====== Dataset entries ======
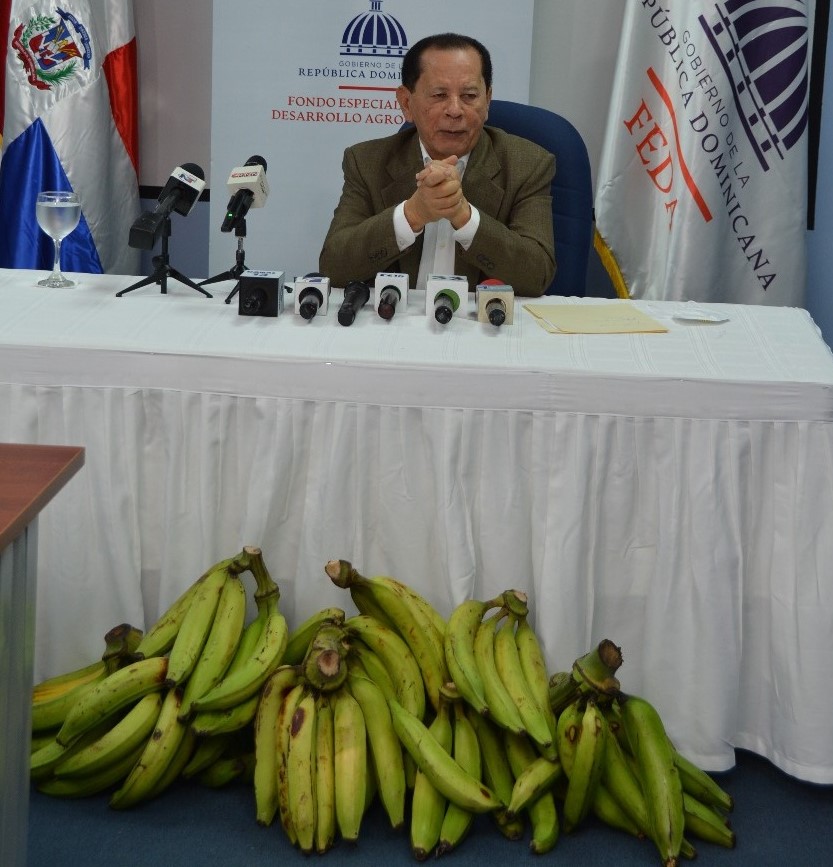FEDA anuncia “Semana del Consumo de Plátano” del 4 al 10 imagen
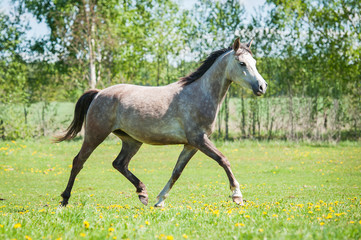 Obraz na płótnie Canvas Grey arabian horse running on the pasture in summer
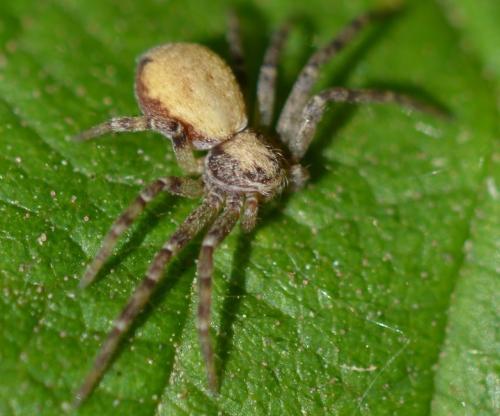 Réf. 302 182 : Philodromus sp.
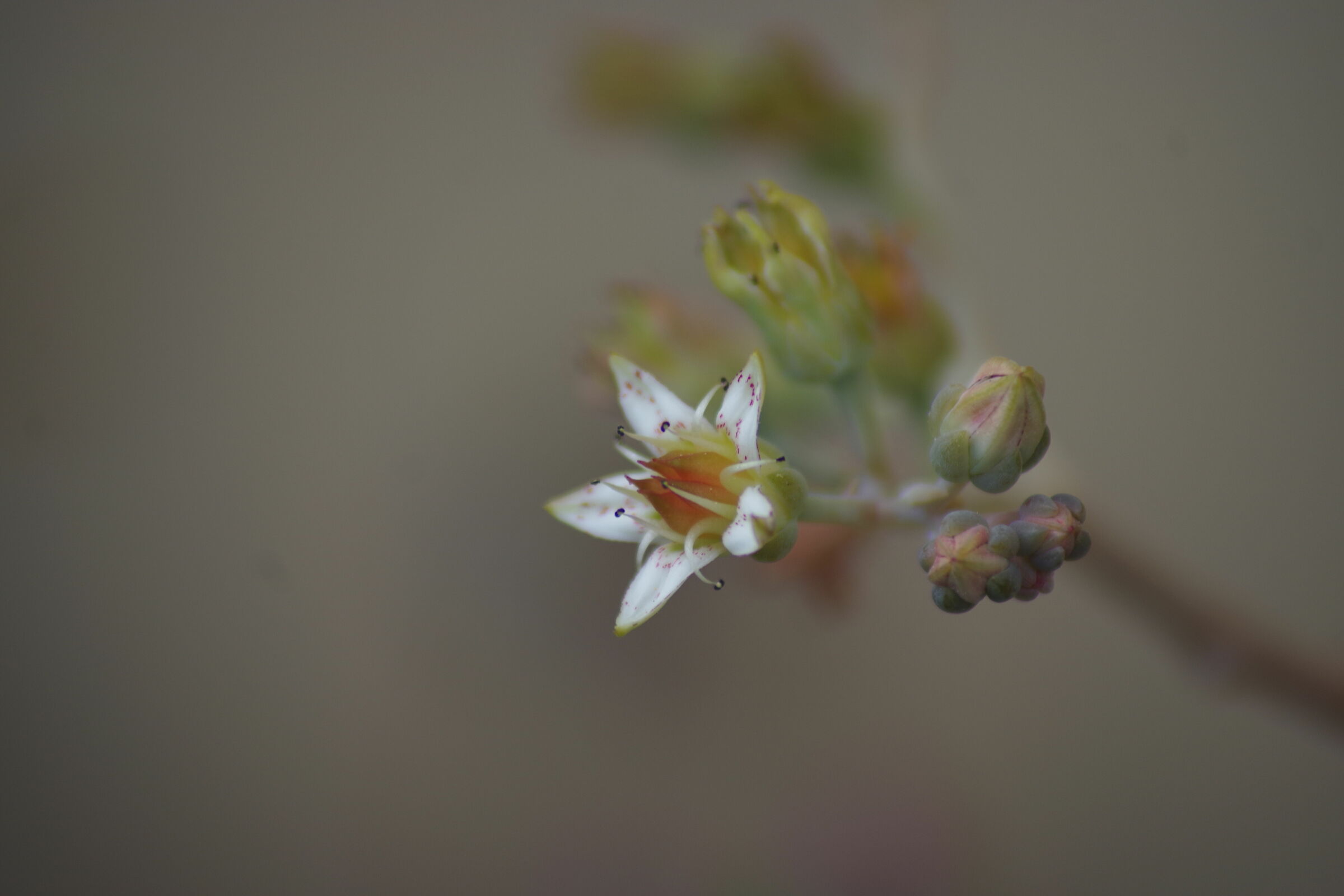 Tamron 70 210F3,8 macro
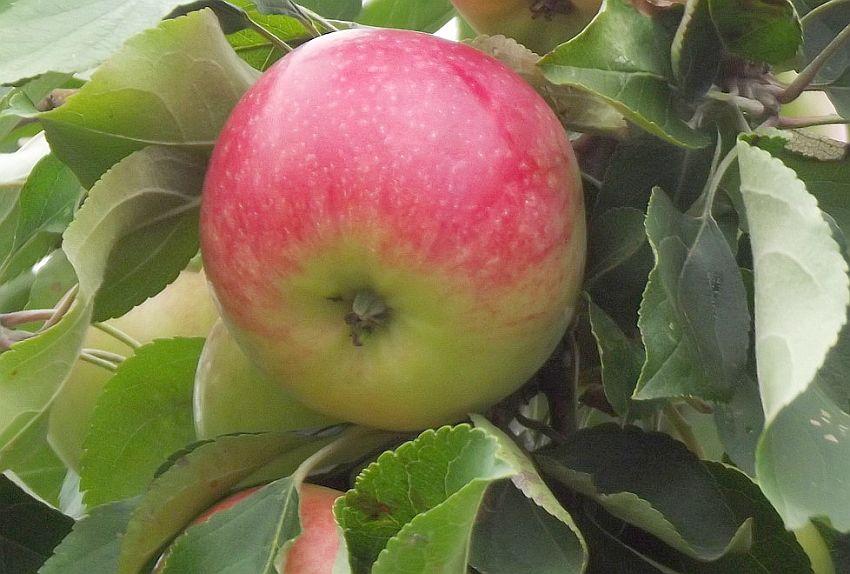 Характеристика яблони мельба описание сорта фото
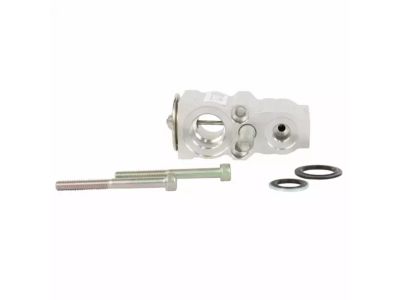 Ford DG9Z-19849-B Expansion Valve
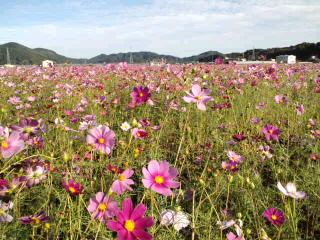 c0206670_19194052.jpg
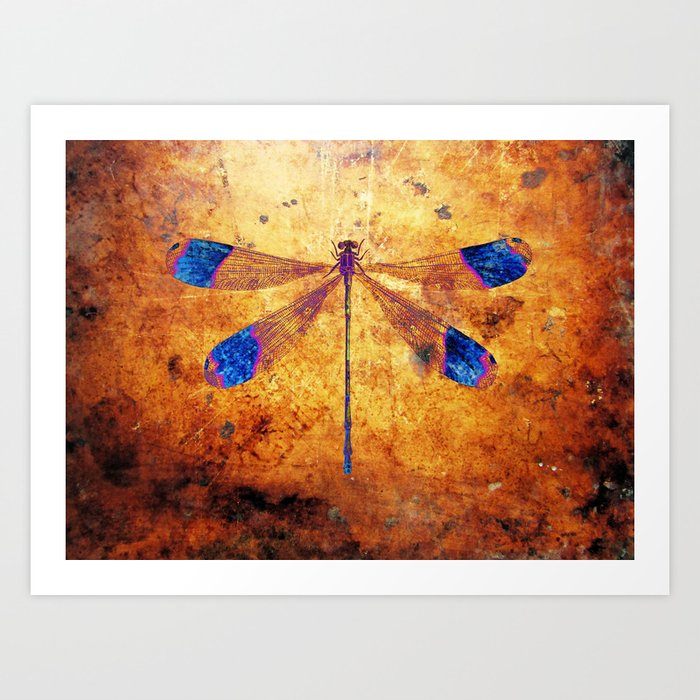Dragonfly in Amber Art Print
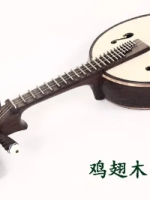 随着乐器的改革，小阮有什么演奏技巧与原理？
======
Everything in the data except the pictures should be restated word for word.

▶ **Output for this exercise**
FEDA anuncia “Semana del Consumo de Plátano” del 4 al 10 imagen
 Obraz na płótnie Canvas Grey arabian horse running on the pasture in summer
 Réf. 302 182 : Philodromus sp.
 Tamron 70 210F3,8 macro
 Характеристика яблони мельба описание сорта фото
 Ford DG9Z-19849-B Expansion Valve
 c0206670_19194052.jpg
Dragonfly in Amber Art Print
 随着乐器的改革，小阮有什么演奏技巧与原理？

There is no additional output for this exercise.